Collin Rogers (May 7, 1791 – October 25, 1845) was an American master builder and neoclassical architect. He designed and built houses for antebellum planters in Troup and Coweta Counties in Georgia. His first name is also spelled as Cullen or Cullin, his surname as Rogers.

==Works==

Rogers, a builder by trade, worked in partnership with his brother Henry. By 1830 Henry owned around thirty slaves employed as construction hands and craftsmen. Rogers did not receive a formal training in architecture. Rogers, like his contemporary Daniel Pratt, was influenced by the works and ideas of Asher Benjamin (The American Builder's Companion) and Edward Shaw.

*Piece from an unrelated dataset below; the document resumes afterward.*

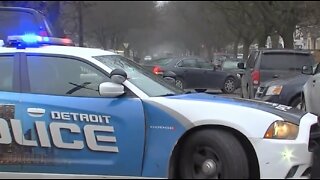 Detroit police investigate 2 separate shootings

Six extant houses designed and built by Rogers in the 1830s are listed on the National Register of Historic Places in Georgia:

- McFarland-Render House (The Magnolias), La Grange (1830–1833), moved to Coweta County and restored
- Henderson-Orr House, Stallings Crossing, Coweta County (1828 home-enlarged by Rogers in 1832)
- Nutwood, La Grange (1833)
- Nathan Van Boddie House, La Grange (1836)
- Edwards-Phillips House, La Grange (1835–1840) (Now demolished)
- Fannin-Truitt-Handley Place, La Grange (1835–1840) (Now demolished)

Rogers designs followed the standard Georgian floor plan with four rooms divided with a central hall. He employed four-column porticos and diamond-shaped sidelights. According to the authors of The Architecture of Georgia, his La Grange houses, built in the 1830s, look "old-fashioned" in the sense that they followed the pattern set by Daniel Pratt in Milledgeville in the 1820s.

His trademark was a 6 pointed star in the center of the volute of the Ionic columns of his works.

Rogers also served as the county judge of inferior court (county commissioner) in 1832–1833 and in 1837–1842.